═════ RECORDS TO PROCESS
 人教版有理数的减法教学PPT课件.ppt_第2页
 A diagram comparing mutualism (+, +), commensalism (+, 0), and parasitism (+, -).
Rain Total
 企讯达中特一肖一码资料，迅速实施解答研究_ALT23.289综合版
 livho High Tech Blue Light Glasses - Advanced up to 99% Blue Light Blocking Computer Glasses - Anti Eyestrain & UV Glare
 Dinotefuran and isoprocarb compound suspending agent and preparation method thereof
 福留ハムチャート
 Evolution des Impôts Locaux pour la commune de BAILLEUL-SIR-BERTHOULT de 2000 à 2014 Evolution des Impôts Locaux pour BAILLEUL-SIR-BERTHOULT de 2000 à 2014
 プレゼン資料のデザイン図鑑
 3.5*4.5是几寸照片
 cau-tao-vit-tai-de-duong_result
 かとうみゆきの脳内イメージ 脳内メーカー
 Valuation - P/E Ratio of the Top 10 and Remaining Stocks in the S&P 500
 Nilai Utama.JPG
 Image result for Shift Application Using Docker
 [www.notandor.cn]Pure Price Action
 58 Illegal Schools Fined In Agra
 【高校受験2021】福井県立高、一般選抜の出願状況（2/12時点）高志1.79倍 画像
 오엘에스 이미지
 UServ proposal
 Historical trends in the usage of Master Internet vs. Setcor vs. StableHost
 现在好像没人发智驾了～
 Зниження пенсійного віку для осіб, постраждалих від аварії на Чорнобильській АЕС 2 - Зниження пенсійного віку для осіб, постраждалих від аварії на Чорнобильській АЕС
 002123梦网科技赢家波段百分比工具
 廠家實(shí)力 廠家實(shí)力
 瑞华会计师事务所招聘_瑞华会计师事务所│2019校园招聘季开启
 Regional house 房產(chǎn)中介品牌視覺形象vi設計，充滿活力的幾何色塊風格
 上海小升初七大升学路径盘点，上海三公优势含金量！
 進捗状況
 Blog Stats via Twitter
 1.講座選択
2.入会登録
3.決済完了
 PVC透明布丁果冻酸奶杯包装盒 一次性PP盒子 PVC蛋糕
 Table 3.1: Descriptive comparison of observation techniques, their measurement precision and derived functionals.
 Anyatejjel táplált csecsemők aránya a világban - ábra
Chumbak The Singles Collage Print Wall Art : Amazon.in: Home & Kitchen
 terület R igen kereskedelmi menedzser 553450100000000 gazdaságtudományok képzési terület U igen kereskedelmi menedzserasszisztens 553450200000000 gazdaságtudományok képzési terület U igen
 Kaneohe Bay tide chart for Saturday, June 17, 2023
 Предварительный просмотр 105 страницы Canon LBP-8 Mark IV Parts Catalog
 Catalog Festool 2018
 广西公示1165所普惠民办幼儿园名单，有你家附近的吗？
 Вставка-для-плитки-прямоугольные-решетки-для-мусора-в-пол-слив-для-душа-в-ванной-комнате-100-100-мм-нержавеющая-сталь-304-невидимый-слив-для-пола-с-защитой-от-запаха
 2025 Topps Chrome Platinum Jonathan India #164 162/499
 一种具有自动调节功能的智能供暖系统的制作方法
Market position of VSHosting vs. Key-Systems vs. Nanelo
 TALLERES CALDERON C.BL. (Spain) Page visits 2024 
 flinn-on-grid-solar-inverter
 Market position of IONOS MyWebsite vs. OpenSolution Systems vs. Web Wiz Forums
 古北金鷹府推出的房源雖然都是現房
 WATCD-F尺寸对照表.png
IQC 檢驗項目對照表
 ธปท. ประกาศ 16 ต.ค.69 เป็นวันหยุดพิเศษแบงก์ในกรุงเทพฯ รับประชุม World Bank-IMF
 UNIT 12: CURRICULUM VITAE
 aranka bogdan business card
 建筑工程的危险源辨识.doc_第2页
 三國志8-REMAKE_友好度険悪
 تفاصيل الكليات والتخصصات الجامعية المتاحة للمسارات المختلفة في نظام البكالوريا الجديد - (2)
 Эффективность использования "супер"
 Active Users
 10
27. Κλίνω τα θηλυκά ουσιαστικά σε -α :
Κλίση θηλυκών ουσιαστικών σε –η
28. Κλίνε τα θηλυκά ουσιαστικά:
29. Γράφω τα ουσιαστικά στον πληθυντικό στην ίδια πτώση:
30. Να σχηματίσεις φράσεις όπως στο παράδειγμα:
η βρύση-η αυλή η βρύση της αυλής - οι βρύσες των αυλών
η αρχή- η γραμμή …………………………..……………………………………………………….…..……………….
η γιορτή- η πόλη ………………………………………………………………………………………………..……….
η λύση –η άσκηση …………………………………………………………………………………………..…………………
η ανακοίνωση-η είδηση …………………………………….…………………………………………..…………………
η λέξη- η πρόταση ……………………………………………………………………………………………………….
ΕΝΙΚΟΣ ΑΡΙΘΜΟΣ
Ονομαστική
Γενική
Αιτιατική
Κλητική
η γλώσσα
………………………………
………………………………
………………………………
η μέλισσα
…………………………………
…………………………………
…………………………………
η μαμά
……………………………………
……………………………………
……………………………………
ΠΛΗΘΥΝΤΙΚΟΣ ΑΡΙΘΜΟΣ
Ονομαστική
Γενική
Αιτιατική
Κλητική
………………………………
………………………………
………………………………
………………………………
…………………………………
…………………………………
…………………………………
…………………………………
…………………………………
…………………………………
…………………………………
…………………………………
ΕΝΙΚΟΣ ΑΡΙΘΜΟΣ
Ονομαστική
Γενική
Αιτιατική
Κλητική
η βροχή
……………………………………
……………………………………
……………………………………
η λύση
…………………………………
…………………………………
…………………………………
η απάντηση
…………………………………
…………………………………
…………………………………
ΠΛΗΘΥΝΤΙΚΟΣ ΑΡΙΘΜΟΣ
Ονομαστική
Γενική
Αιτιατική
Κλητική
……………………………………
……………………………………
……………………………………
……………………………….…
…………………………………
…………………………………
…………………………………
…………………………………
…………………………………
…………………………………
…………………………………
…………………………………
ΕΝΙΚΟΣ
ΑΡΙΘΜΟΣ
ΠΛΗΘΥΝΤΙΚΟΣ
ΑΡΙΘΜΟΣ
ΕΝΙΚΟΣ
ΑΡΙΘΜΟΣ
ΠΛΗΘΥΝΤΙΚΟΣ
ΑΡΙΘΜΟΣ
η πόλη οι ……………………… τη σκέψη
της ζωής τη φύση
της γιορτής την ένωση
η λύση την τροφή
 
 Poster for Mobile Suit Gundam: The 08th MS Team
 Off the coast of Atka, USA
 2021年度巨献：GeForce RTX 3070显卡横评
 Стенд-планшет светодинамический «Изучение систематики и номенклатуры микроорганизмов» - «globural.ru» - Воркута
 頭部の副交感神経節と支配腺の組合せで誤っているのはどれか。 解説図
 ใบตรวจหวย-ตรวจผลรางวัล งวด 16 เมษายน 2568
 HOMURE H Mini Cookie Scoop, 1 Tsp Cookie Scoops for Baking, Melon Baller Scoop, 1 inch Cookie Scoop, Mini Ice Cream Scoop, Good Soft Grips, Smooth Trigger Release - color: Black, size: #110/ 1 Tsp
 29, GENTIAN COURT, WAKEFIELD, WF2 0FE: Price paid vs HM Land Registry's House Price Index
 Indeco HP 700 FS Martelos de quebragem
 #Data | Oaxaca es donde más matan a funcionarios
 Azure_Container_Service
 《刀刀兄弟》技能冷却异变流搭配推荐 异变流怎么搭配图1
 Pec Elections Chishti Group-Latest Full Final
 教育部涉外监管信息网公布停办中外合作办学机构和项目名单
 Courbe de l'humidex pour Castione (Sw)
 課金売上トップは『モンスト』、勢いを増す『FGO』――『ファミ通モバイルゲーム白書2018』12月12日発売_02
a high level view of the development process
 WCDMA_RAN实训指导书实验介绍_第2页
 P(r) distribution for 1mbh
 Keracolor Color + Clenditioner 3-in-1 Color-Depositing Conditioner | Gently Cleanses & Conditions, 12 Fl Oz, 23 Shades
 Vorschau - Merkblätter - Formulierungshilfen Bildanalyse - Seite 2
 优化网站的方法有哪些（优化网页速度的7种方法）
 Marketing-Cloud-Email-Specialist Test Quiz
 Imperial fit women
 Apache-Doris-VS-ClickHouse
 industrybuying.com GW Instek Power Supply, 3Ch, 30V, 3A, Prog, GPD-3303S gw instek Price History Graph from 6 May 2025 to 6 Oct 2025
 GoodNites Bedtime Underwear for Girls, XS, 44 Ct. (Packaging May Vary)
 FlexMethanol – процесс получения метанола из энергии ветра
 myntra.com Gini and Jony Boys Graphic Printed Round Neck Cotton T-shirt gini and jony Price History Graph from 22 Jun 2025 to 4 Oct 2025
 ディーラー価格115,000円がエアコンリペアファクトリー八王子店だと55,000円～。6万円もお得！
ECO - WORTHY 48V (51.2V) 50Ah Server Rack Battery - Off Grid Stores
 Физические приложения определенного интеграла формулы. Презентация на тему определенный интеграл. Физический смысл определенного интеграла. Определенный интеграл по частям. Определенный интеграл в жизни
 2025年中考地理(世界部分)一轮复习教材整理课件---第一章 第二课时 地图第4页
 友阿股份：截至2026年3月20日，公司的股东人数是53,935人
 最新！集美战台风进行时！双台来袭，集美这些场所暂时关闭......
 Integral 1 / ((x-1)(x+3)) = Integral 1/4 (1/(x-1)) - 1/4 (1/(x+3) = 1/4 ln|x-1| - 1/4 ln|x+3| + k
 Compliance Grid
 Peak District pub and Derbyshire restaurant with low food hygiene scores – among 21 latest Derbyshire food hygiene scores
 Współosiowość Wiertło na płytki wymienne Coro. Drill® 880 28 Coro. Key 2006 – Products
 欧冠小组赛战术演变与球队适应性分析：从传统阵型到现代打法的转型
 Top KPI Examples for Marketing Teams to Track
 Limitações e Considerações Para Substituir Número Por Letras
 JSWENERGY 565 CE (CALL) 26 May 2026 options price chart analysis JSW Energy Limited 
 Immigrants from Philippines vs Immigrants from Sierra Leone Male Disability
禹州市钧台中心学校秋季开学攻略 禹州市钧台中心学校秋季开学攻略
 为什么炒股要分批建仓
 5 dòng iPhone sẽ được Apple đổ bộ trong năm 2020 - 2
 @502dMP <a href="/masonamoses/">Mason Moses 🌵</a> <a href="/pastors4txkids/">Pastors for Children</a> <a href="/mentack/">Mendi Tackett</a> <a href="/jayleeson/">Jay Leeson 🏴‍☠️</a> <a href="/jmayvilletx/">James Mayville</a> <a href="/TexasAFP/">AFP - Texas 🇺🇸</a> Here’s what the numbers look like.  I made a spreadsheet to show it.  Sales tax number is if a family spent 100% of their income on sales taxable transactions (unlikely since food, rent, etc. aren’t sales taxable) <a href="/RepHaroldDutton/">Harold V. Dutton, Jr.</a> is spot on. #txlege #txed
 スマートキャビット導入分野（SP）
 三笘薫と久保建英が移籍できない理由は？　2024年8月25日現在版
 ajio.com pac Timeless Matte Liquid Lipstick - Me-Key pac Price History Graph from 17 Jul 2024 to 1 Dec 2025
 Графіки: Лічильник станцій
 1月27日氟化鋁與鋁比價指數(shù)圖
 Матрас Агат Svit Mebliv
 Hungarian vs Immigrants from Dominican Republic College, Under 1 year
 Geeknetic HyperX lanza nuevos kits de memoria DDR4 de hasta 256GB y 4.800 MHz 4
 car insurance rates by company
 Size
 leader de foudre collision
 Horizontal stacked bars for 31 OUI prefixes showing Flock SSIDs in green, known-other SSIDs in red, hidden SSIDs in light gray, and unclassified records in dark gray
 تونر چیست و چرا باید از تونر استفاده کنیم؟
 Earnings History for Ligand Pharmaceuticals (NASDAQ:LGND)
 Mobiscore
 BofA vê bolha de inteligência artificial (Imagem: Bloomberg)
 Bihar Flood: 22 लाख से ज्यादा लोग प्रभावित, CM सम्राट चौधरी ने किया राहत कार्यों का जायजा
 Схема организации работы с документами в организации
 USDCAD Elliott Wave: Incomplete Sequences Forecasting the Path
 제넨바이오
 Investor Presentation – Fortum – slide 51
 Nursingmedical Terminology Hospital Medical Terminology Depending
══════════
▶ EXERCISE
Each line from the first line of the entries up to and including the line containing "PVC透明布丁果冻酸奶杯包装盒 一次性PP盒子 PVC蛋糕" should be transcribed exactly, with all other lines left out.

▶ ANSWER FOR THE TASK
 人教版有理数的减法教学PPT课件.ppt_第2页
 A diagram comparing mutualism (+, +), commensalism (+, 0), and parasitism (+, -).
Rain Total
 企讯达中特一肖一码资料，迅速实施解答研究_ALT23.289综合版
 livho High Tech Blue Light Glasses - Advanced up to 99% Blue Light Blocking Computer Glasses - Anti Eyestrain & UV Glare
 Dinotefuran and isoprocarb compound suspending agent and preparation method thereof
 福留ハムチャート
 Evolution des Impôts Locaux pour la commune de BAILLEUL-SIR-BERTHOULT de 2000 à 2014 Evolution des Impôts Locaux pour BAILLEUL-SIR-BERTHOULT de 2000 à 2014
 プレゼン資料のデザイン図鑑
 3.5*4.5是几寸照片
 cau-tao-vit-tai-de-duong_result
 かとうみゆきの脳内イメージ 脳内メーカー
 Valuation - P/E Ratio of the Top 10 and Remaining Stocks in the S&P 500
 Nilai Utama.JPG
 Image result for Shift Application Using Docker
 [www.notandor.cn]Pure Price Action
 58 Illegal Schools Fined In Agra
 【高校受験2021】福井県立高、一般選抜の出願状況（2/12時点）高志1.79倍 画像
 오엘에스 이미지
 UServ proposal
 Historical trends in the usage of Master Internet vs. Setcor vs. StableHost
 现在好像没人发智驾了～
 Зниження пенсійного віку для осіб, постраждалих від аварії на Чорнобильській АЕС 2 - Зниження пенсійного віку для осіб, постраждалих від аварії на Чорнобильській АЕС
 002123梦网科技赢家波段百分比工具
 廠家實(shí)力 廠家實(shí)力
 瑞华会计师事务所招聘_瑞华会计师事务所│2019校园招聘季开启
 Regional house 房產(chǎn)中介品牌視覺形象vi設計，充滿活力的幾何色塊風格
 上海小升初七大升学路径盘点，上海三公优势含金量！
 進捗状況
 Blog Stats via Twitter
 1.講座選択
2.入会登録
3.決済完了
 PVC透明布丁果冻酸奶杯包装盒 一次性PP盒子 PVC蛋糕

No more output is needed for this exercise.